There are many reasons why a government or international organization may advocate the introduction of urban indoor farming. The association for vertical farming looks at some of the main motivations for bringing agriculture closer to the consumer. While urban indoor agriculture may have seemed a far-fetched dream in the past, developments in city planning and technological innovation are making it a reality. These developments are helping to alleviate pressure on food supply chains and cultivate food security in a period of mass population expansion.
Urban indoor agriculture is seen as a viable solution to dramatic increases in population. Already fifty-five percent of the world’s population lives in urban areas and this figure is set to increase. Moreover, eighty percent of all food produced globally is destined for consumption in urban spaces to meet this increased demand. By bringing farming closer to the city, agricultural networks have a better chance of meeting this demand sustainably and efficiently by cutting out unnecessary segments of the supply chain. Farmers are also better able to attract young people into the workforce as they can offer new and innovative routes into agriculture that appeal to the urbanized workforce.

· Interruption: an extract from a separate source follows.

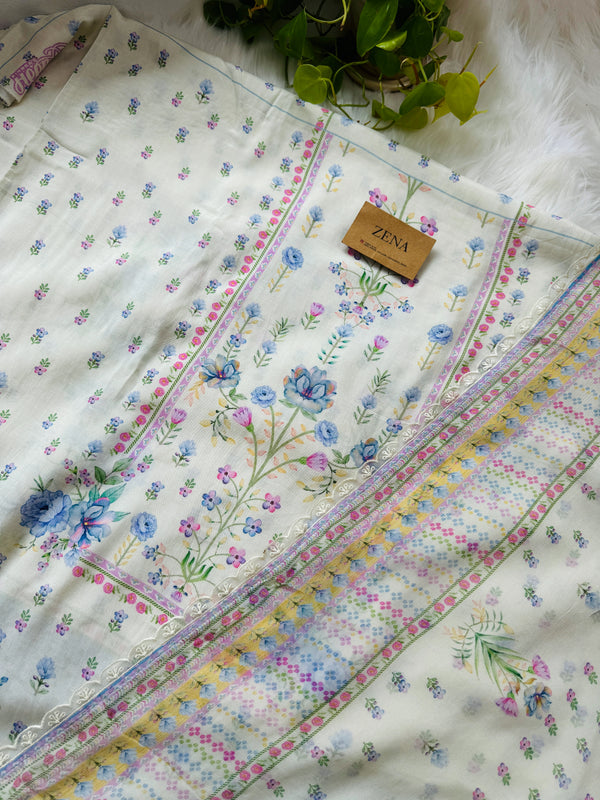 Pure Muslin Digital Printed Suit with Pure Chinnon Digital Printed Organza Border Dupatta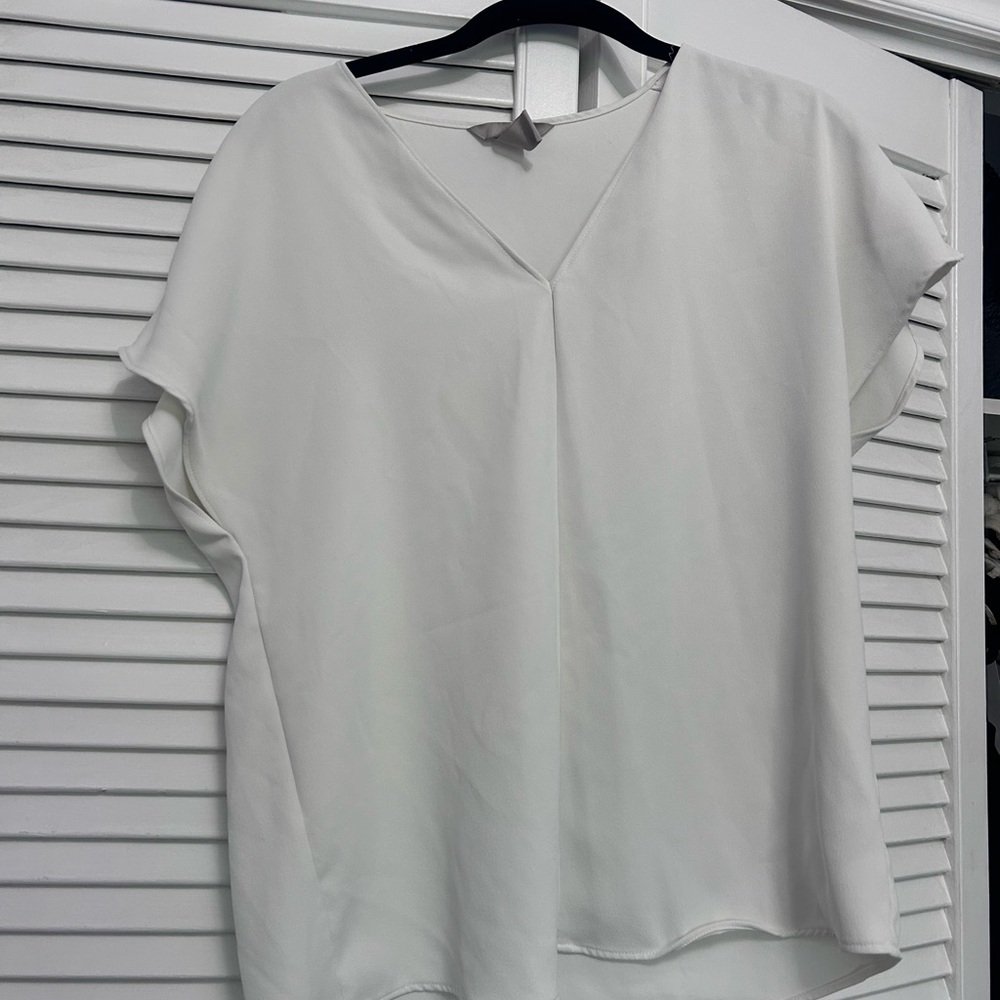 H&M White V-Neck Flutter Sleeve Blouse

Techno Farm Keihanna. Spread Co., Ltd. Japan
Agriculture in urbanized areas also presents an opportunity to establish a more circular economy. Farming can be integrated more holistically into the overall working of urban life by combining its production with other essential services like waste management. Rather than establishing a food network that operates on a ‘cradle-to-grave’ methodology, urbanized farming presents new opportunities to recycle and reuse resources in an integrated bio-economy. The decrease in transportation costs which comes from closer proximity between consumers and producers also helps to reduce emissions. The benefits of urban indoor farming can be seen to not only enhance economic efficiency but also maximize sustainability by cutting down the city’s overall carbon footprint.
Finally, urban indoor agriculture offers an exciting opportunity for communities to reconnect with the process of farming. Shorter supply chains not only increase accessibility to food but can also improve overall public engagement with the food production process. Supply chains can be seen not only as a means to an end but also as an opportunity for social engagement by integrating small producers, farms and vulnerable groups along the supply chain. Educational opportunities for schools and society as a whole can be brought closer to the urban population which allows a reconnection with the cultivation of fresh produce.
While it is possible that cities never become solely reliant on urban agriculture, it is clear that the integration of agriculture into the urban zone offers several social, economic and environmental benefits. Food supply chains should therefore actively cultivate urbanized agriculture to help reach increased standards of efficiency and sustainability at this time of rapid population expansion.